Planning for Transfer

Stocksnap
When I reflect about the goal of all learning and education, it is primarily to cause individual, organizational or community-level change. However, it is this aspect of planning for change using specific transfer plans where we often tend to fail in our role as program planners. I guess, the greatest disservice to planning programs is to plan and execute programs that stay on budget, meet all stakeholder requirements, are designed and delivered smoothly BUT fail to transfer any learning to the job. In that sense, I view planning for transfer as an integral responsibility of my role as a program planner.

As I reflect about my own work experience, I can differentiate the programs I have planned for folks in an IT organization trying to sell new software versus foremen at the waterfront working with containers and gantry cranes all day. There is so much that's different about the culture of selling in a global organization versus the culture of safety at the waterfront especially in a unionized environment.
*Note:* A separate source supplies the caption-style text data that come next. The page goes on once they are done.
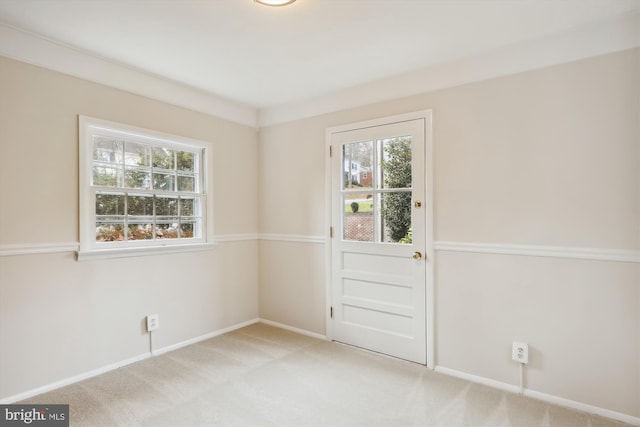 empty room with light colored carpet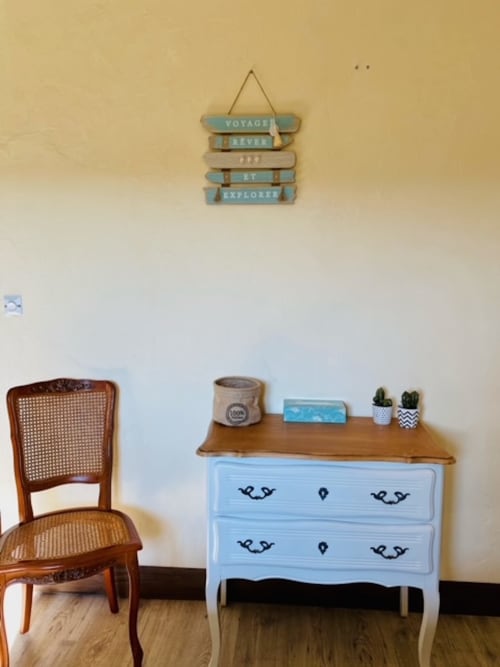 Gemütliches Zimmer im La Maison de la Colline B&B mit hellblauer Kommode, Holzstuhl und maritimer Wanddeko in Vers, Frankreich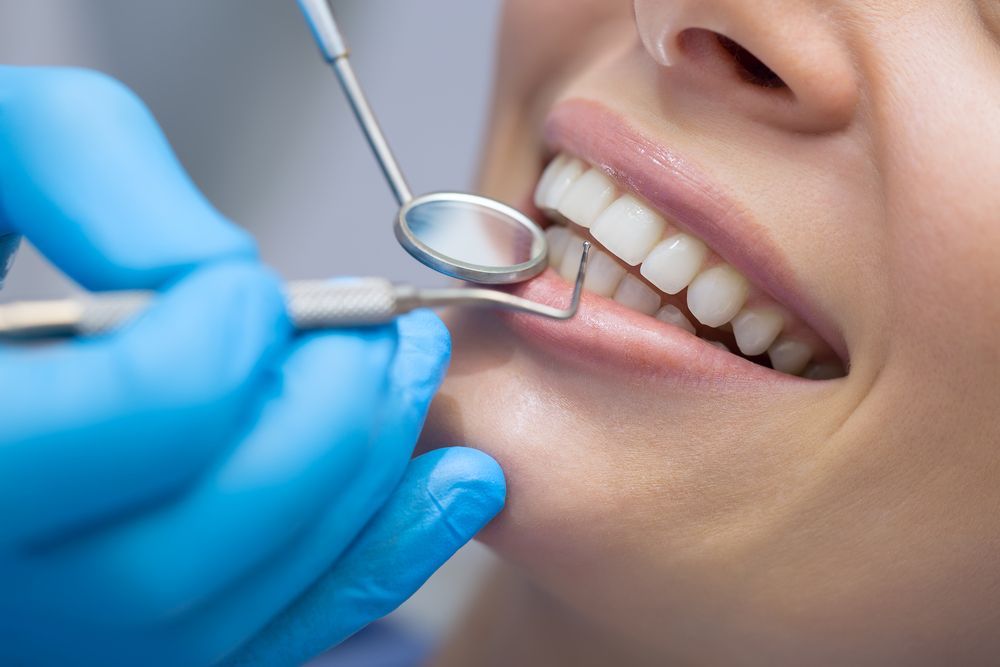 A Woman is Getting Her Teeth Examined by a Dentist — Graham Johnson Dental Surgery In Beresfield, NSW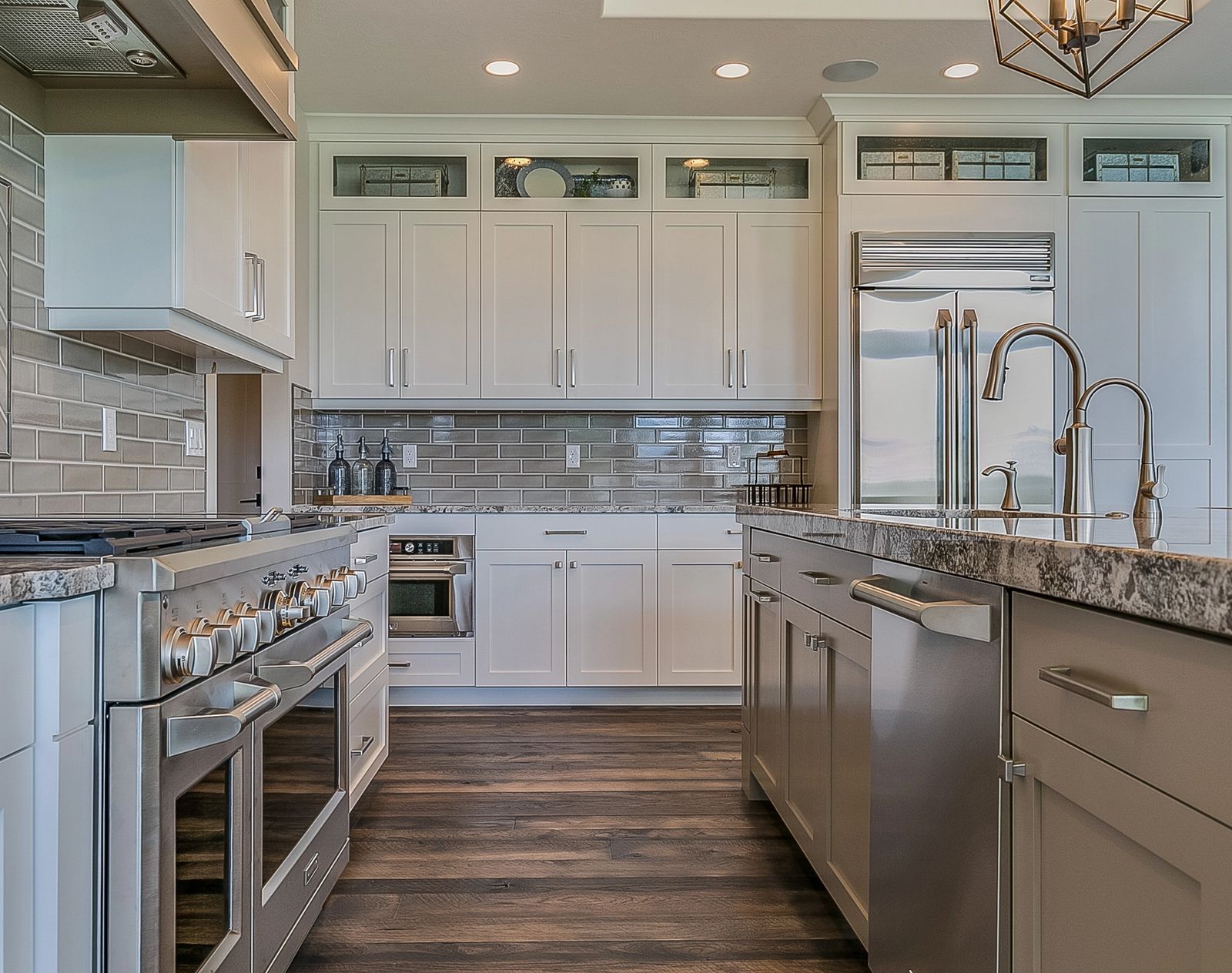 Modern kitchen showroom featuring stainless steel appliances including range, refrigerator, and dishwasher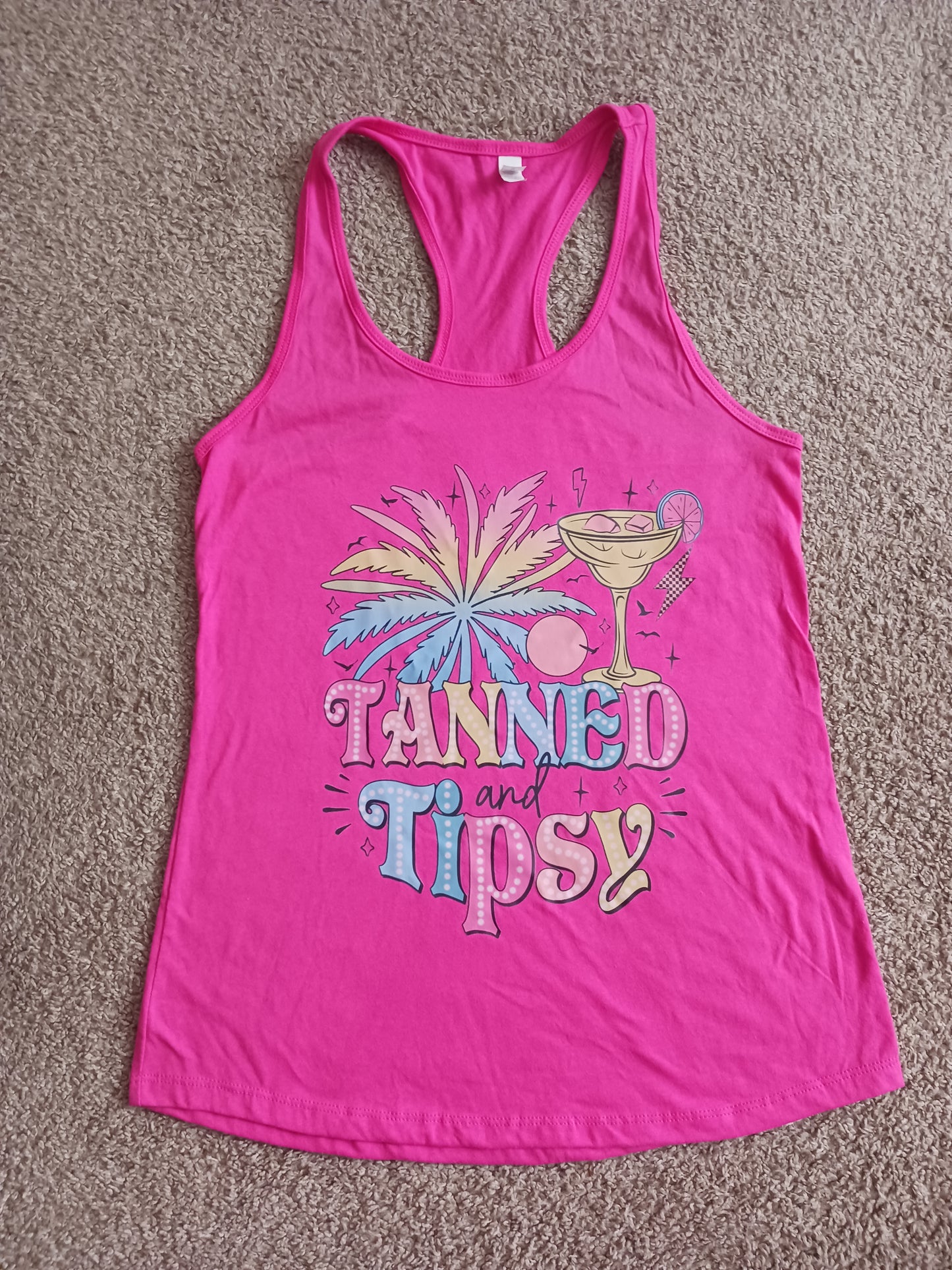 Pink tanned & tipsy racerback tank top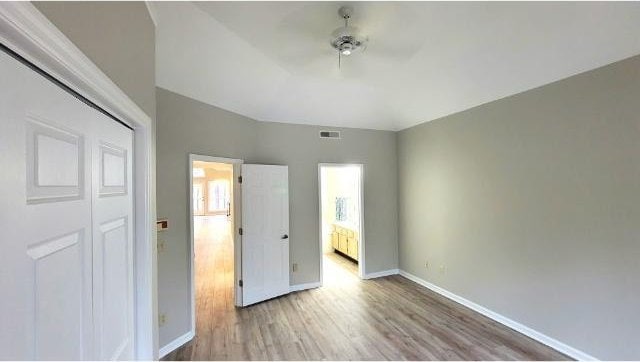 unfurnished bedroom with hardwood / wood-style flooring, a closet, and ceiling fan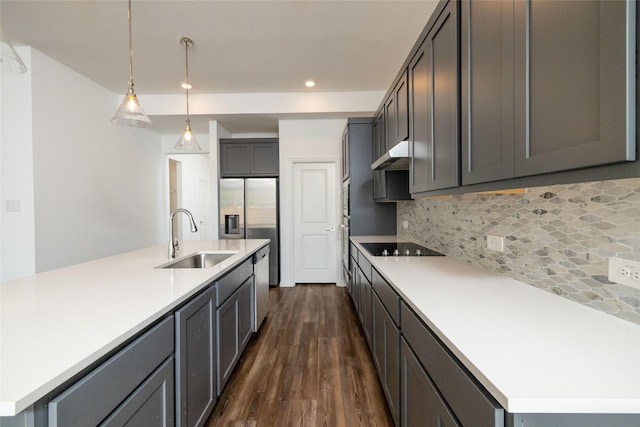 kitchen featuring decorative light fixtures, tasteful backsplash, sink, a kitchen island with sink, and stainless steel appliances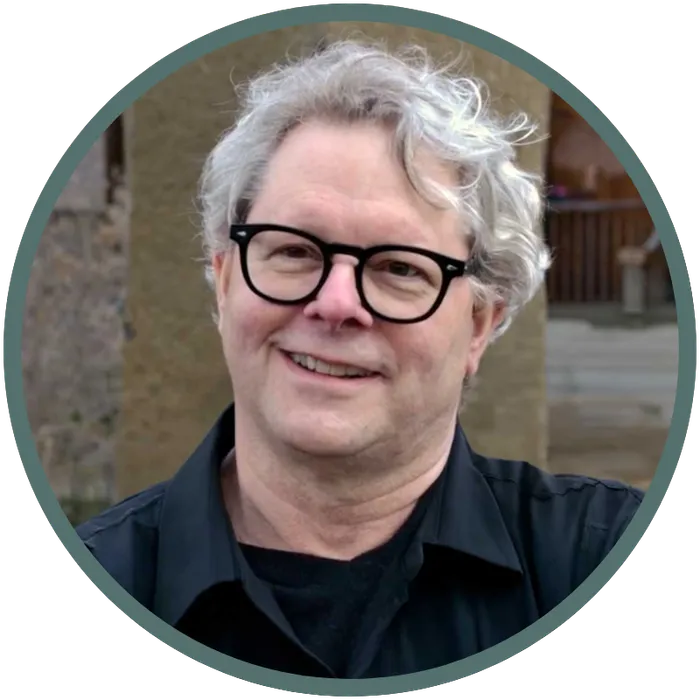 image of a scholarly looking man with wavy gray hair wearing black glasses and a black collared shirt, smiling
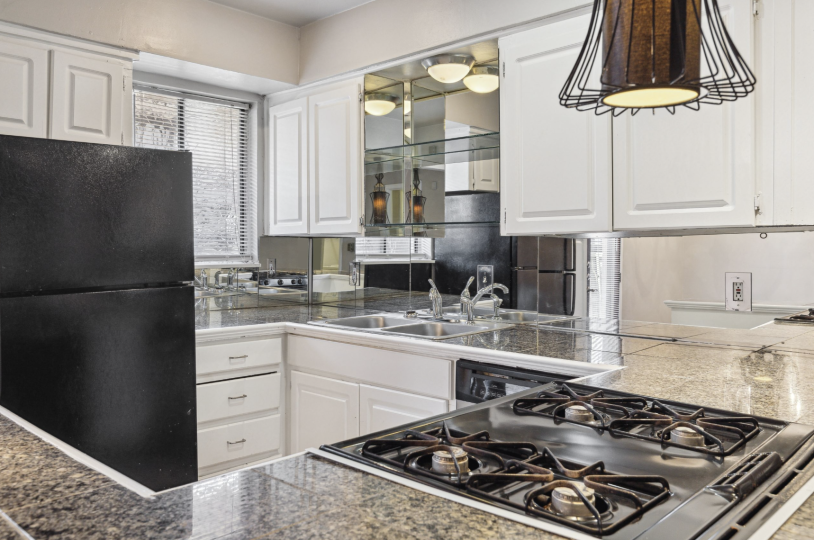 a kitchen with black appliances and white cabinets at The Verandah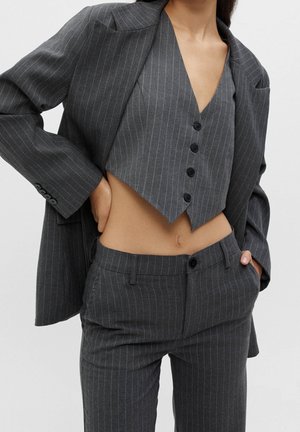 Femme portant un costume gris foncé à fines rayures avec un gilet court boutonné, un pantalon assorti et un blazer oversize posé sur les épaules.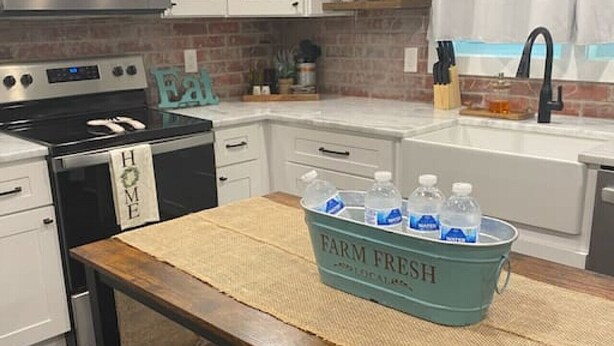 Une cuisine avec des armoires blanches, un four à micro-ondes en acier inoxydable, une cuisinière noire et un évier avec un robinet noir. On y trouve une table en bois surmontée d’un set de table en fibres tressées et un seau bleu portant l’inscription « PRODUITS FRAIS DE LA FERME », contenant des bouteilles d’eau.
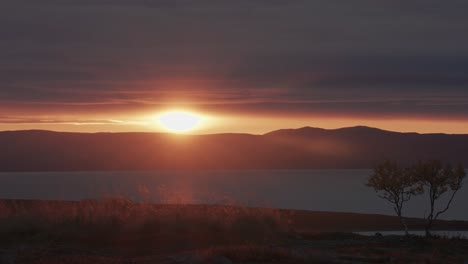 midnight sun passes on the horizon, casting a warm light over the landscape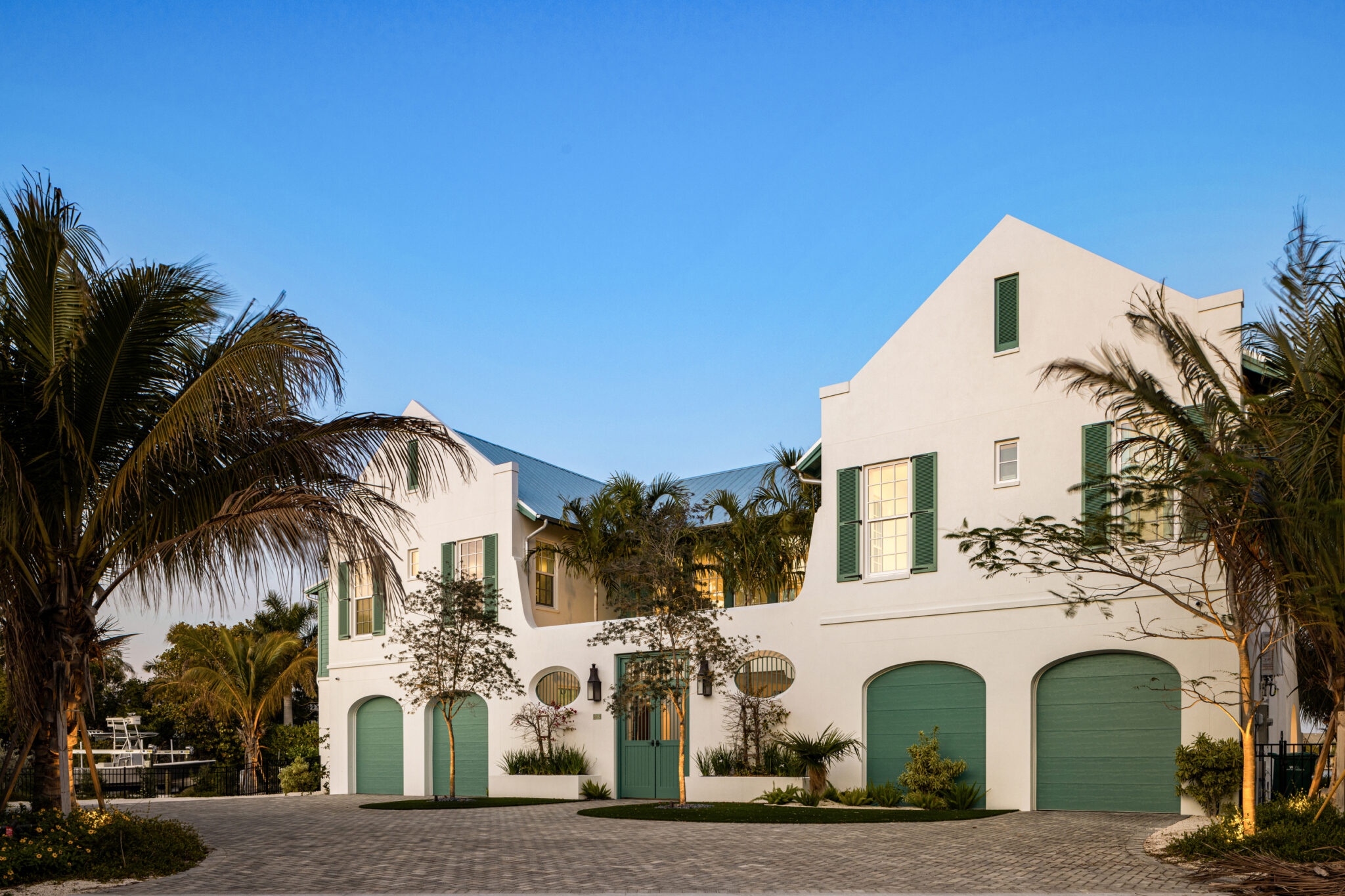 Bimini Bay House with white stucco, stepped gables and green garage doors
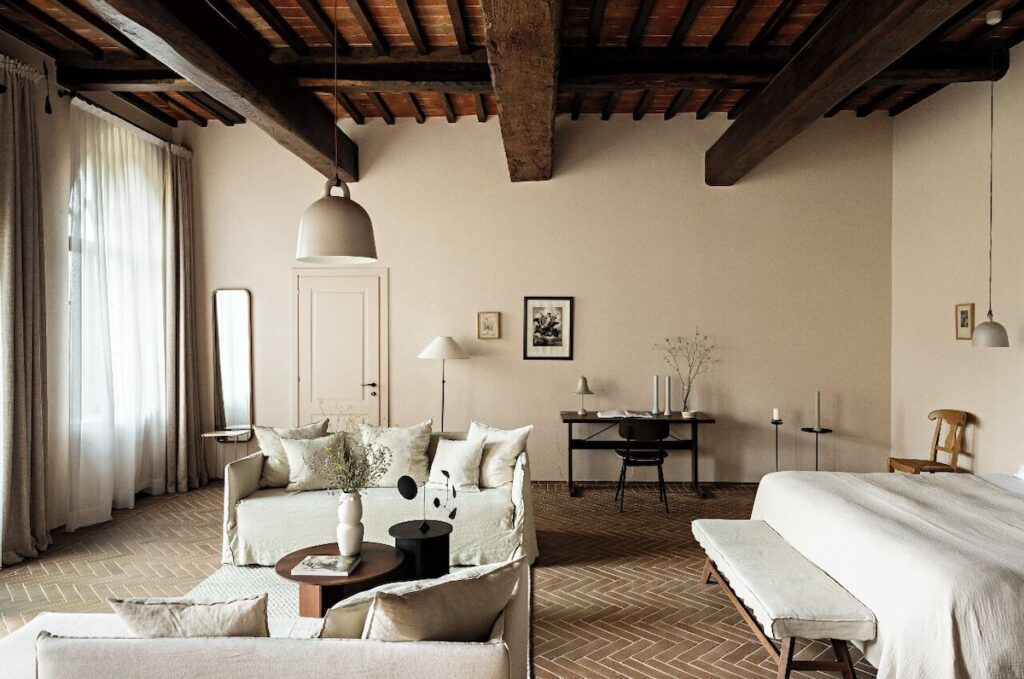 Sala com lareira histórica e afrescos renascentistas no Pieve Aldina, luxo autêntico para lua de mel na europa.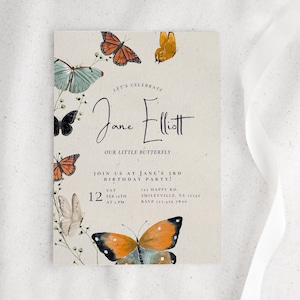 以下が含まれることがあります： ベージュ色の背景に、オレンジ、青、黒色の水彩画の蝶が描かれた長方形の招待状。テキストには「Let's Celebrate Jane Elliott, Our Little Butterfly」と書かれており、パーティーの詳細が含まれています。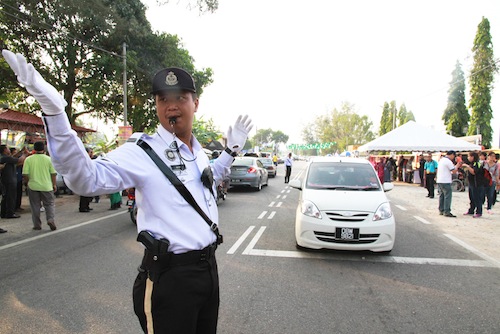 A policeman directs traffic near a polling station in Kuala Besut on July 24, 2013. u00e2u20acu201d Picture by Saw Siow Feng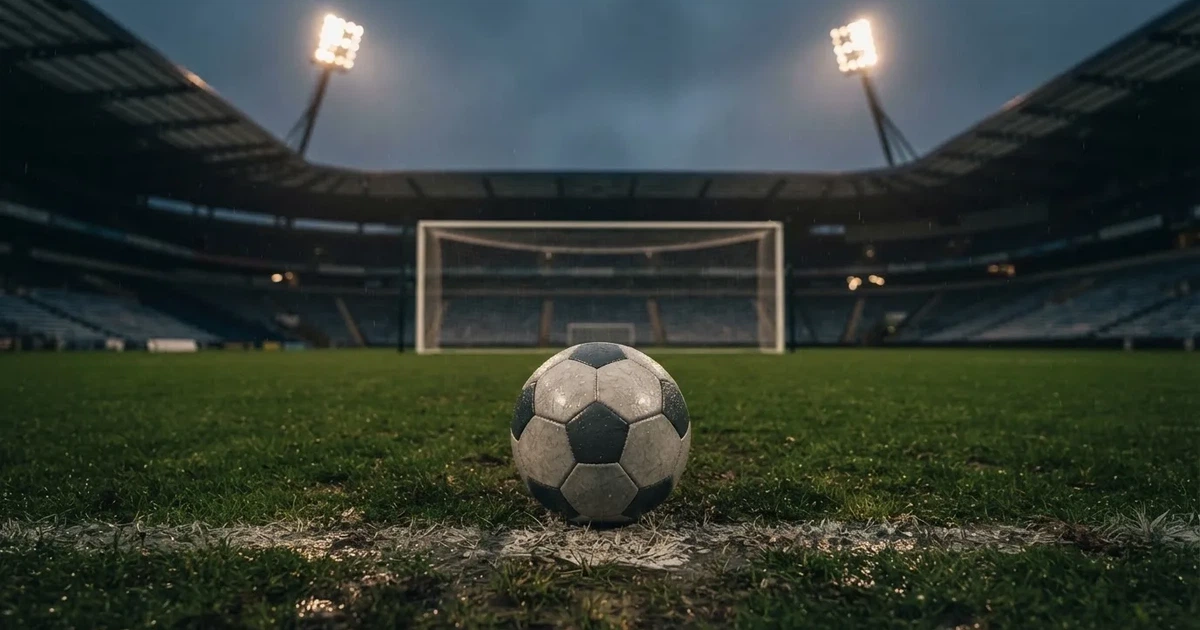 Futbolowa piłka stoi na punkcie karnym w pustym stadionie podczas mżawki, w tle rozmyte trybuny i jasne światło masztów.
While my IT adult learners did short bursts of 'training' on their mobile phones, the foremen were coached and mentored one-on-one, in an intense program, on the dock. The transfer context of a sales pitch versus a ship to be loaded or unloaded on time is so strikingly different that program planning including evaluation and transfer approaches for the two cannot be the same.

For me, the key insight is to be aware of the learners' context because without it, there can be no learning or transfer. As a program planner, I tend to immerse myself in 'a day in the life' of my audience to make these key decisions. I like how Connie (@elearningcoach) describes the need for participating in such a discovery before the analysis. I love her concept of 'customer safaris' as a discovery tool and in my work at the waterfront, such a safari also includes climbing container vessels! I engage in needs analysis and participate in job work shadowing/observation to understand more about the audience. I continue to educate myself and my clients including key program sponsors and other stakeholders to systematically think about evaluation and transfer as key components of planning. All along the way, I ask myself two key questions:
  • How will the participants apply what they are learning when they get back to their workplace?
  • How will we know if we met the desired goals of individual learning leading to enhanced organizational performance?